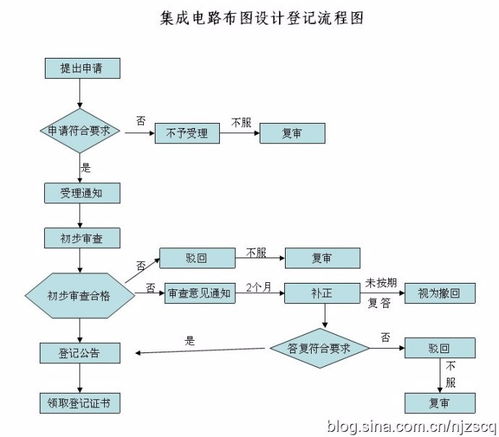 東營集成電路布圖設計費用與軟件開發成本解析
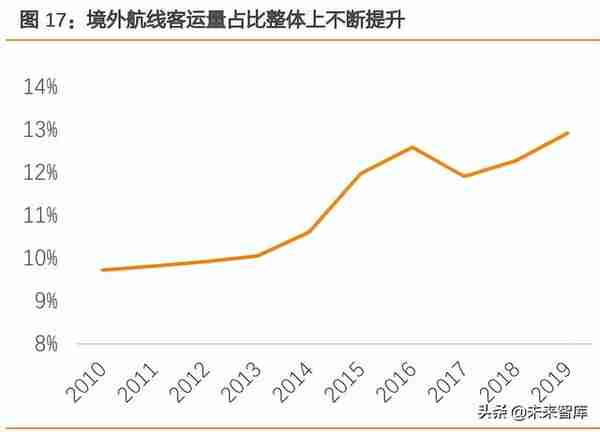 航空运输行业研究：复苏前夜，布局航空正当时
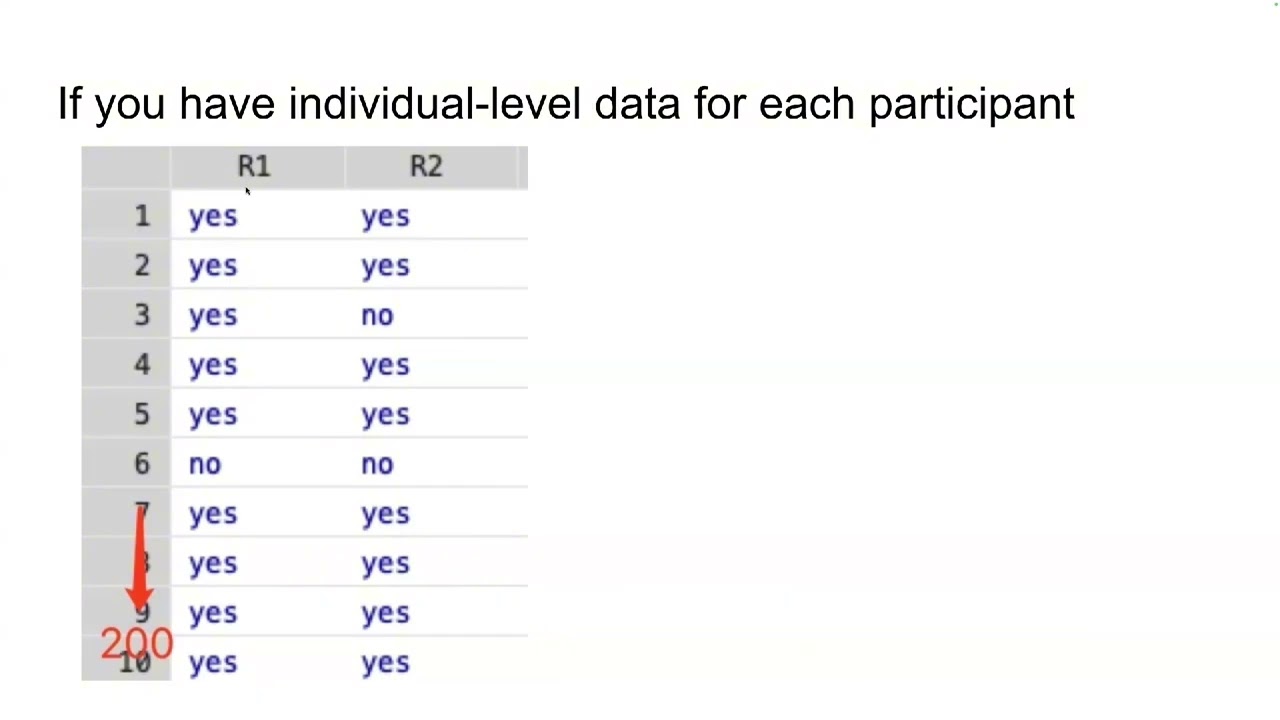 Kappa value calculated by hand and Stata with an example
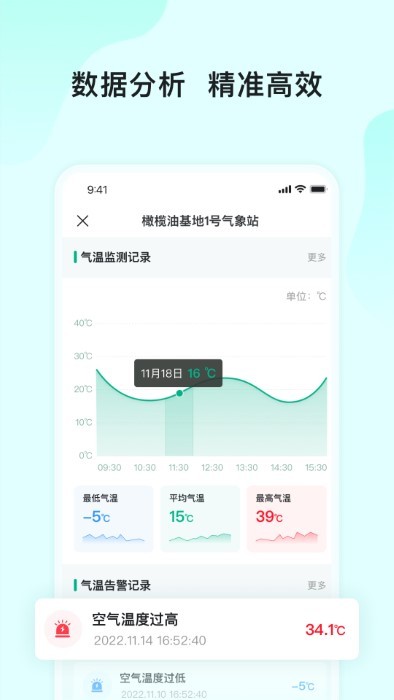 长虹云上农业园app 截图3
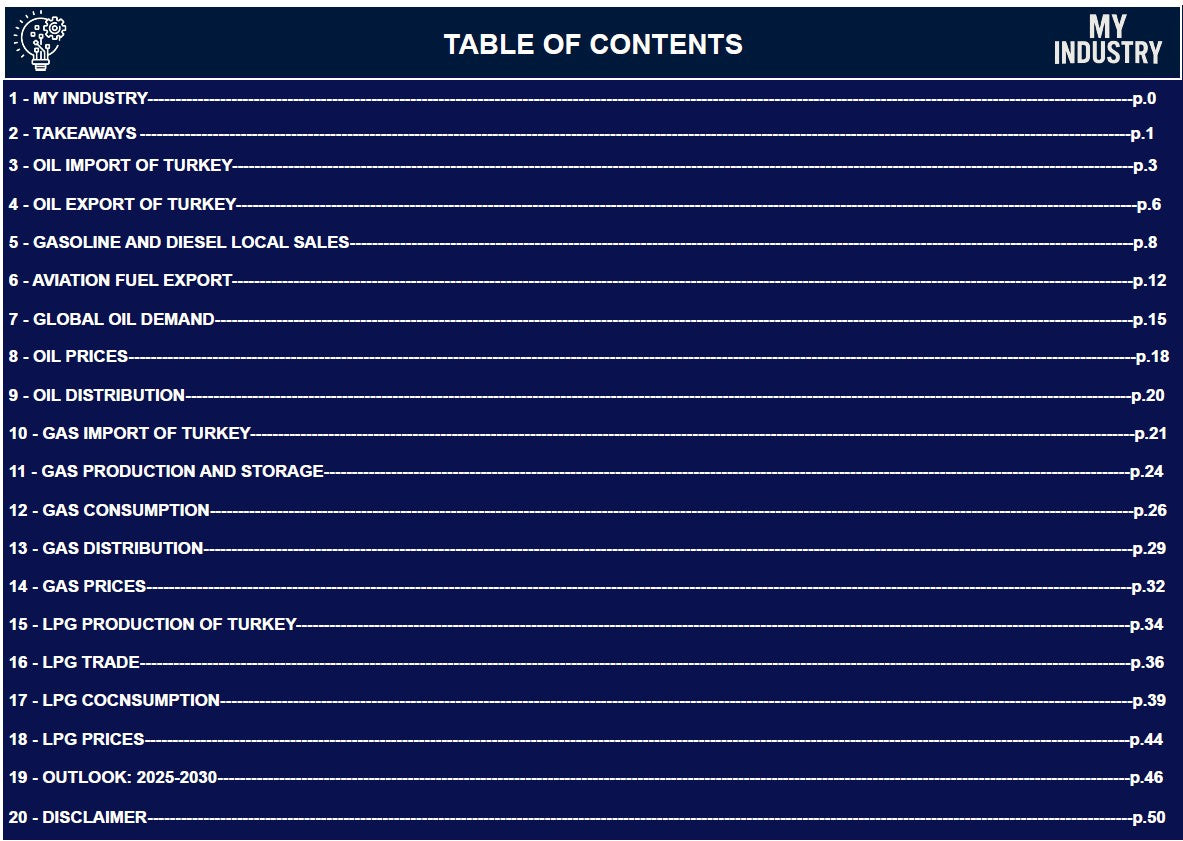 My Industry - Turkey's Oil & Gas Industry Report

================

### WHAT NEEDS TO BE DONE
Give every line of the data above again as it stands; the pictures stay out.

### RESULT OF THIS EXERCISE
 東營集成電路布圖設計費用與軟件開發成本解析
 航空运输行业研究：复苏前夜，布局航空正当时
 Kappa value calculated by hand and Stata with an example
 长虹云上农业园app 截图3
 My Industry - Turkey's Oil & Gas Industry Report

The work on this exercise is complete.